Middleweek is unlikely to be the last employee in the City of London to allege that his company is up to no good.
Anyone who goes down this route will usually have to manage their exit from the company at the same time.
Even if they are not sacked, their position will probably become untenable, so it is crucial to adopt the right tactics. One employment solicitor, who did not want to be named as his firm is involved in the Middleweek case, says an employee should usually go to great lengths to keep the alleged wrongdoing totally separate from negotiations about a pay-off for leaving.
This may be artificial, but it allows the employee to adopt an air of injured innocence if accused of blackmail (as Middleweek was). Of course, there is no link between the two, an employee can say. Both sides may in some situations know this is nonsense, but nothing can be proved.
Sometimes lawyers advise employees to merely drop hints about the wrongdoing that worries them, rather than making a formal allegation. That way the employer might give them a large pay-off in the tacit hope that they will drop the matter. Again, no connection can be proved. There is then nothing to stop the employee making his allegations about wrongdoing if he wants to.
An employer must also be careful about agreeing to a pay-off, even if it is genuinely unrelated to a whistleblowing threat.
There is a danger it might look like a quid pro quo for the employee's silence and the employer might then find themselves unfairly accused of bribery.
Bank staff in the UK should also consider where they stand with the Financial Services Authority (FSA).
An FSA spokesman says while there is no formal requirement for an employee to report a breach of FSA regulations by their employer, there is an "expectation" that they will do so.
Another interesting feature of the Middleweek case is covert tape-recording of a conversation. This looks like a useful tactic, but it should be used with care. John Keith, a solicitor at the law firm Lovells, says it could be a breach of the Data Protection Act for either an employer or employee to secretly record a conversation with the other party (or their lawyers, as in the Middleweek case), unless they have grounds to suspect criminal activity.
So an employee who records a conversation with their boss simply to demonstrate unfair treatment could find themselves legitimately facing disciplinary proceedings, or theoretically a criminal prosecution.
Then there is the practical point that such behaviour can look underhand unless there is a good reason for it. Anyone who does it risks losing the sympathy of a court or tribunal, if it decides to admit the tape as evidence at all.
Kate Brearley, a partner at the law firm Stephenson Harwood, says covert recording might also be a breach of human rights legislation.
Nevertheless, she believes it may be becoming more common in employment disputes.

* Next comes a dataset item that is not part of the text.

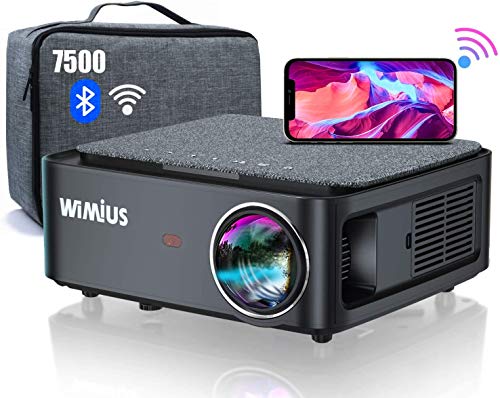 WiMiUS, WiFi Bluetooth Projector,WiMiUS K1 7500 L Video Projector Native 1920x1080 Full HD Support 4K with ±50° 4D Zoom Keystone Correction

Another solicitor says an investment banker client who is planning to sue his employer never goes to work these days without a tape-recorder in his pocket.

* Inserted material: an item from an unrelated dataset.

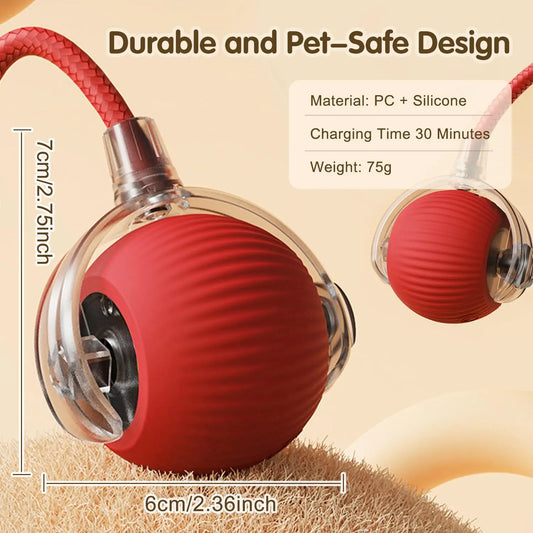 Rechargeable Interactive Cat & Puppy Ball Toy with Rolling Tail - Smart Automatic Pet Playmate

If this catches on, it may be because tape-recorders are cheaper, smaller and more effective than they used to be. A shop assistant at Dixons, the electronics retailer, recommends a digital Olympus recorder, 3" (7.5cms) long and costing 80 (€114), as an ideal device for recording conversations with someone a few feet away, while lying concealed in the owner's pocket.
I tested it (though not in my office) and it works perfectly.
It may not be long before both sides in any employment dispute will have to assume that the other is recording their every word. One way round this could be to demand written (or tape-recorded?) confirmation that they are not doing so.